TASK PROMPT
Would you please return only the lines from the one with "Nerves Healing with Restored Communication" through the last line of the records below, leaving the pictures out?

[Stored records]
---------------
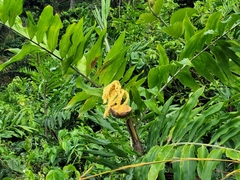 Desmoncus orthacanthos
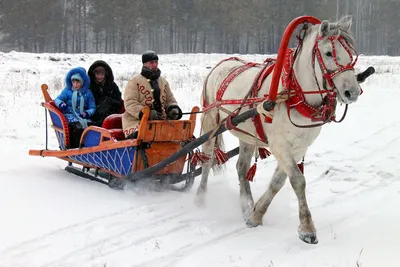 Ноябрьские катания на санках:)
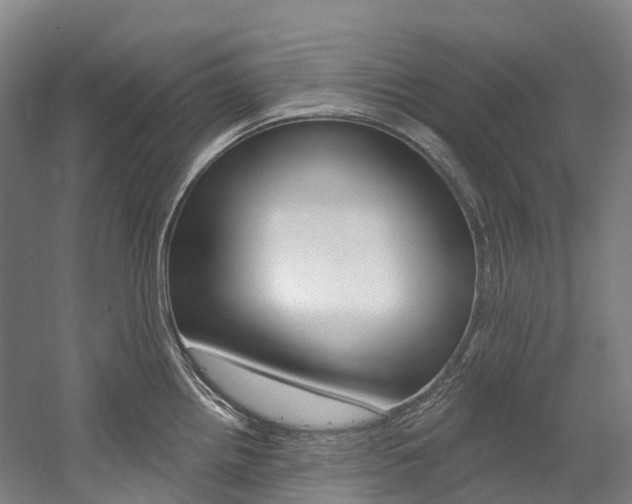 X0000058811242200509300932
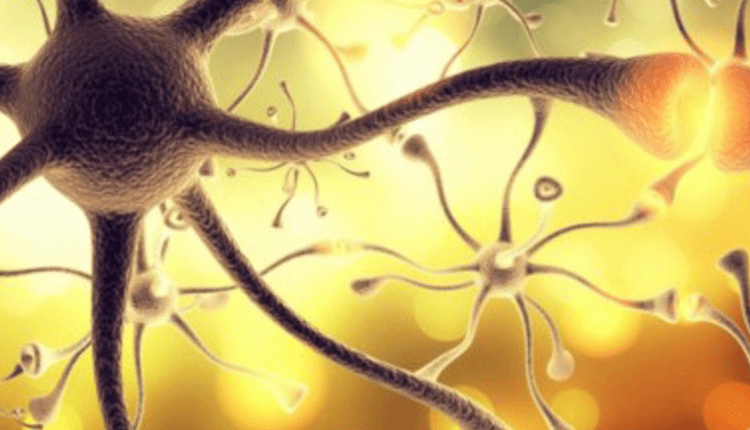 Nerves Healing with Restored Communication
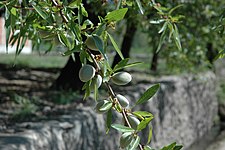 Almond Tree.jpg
---------------
ANSWER
 Nerves Healing with Restored Communication
 Almond Tree.jpg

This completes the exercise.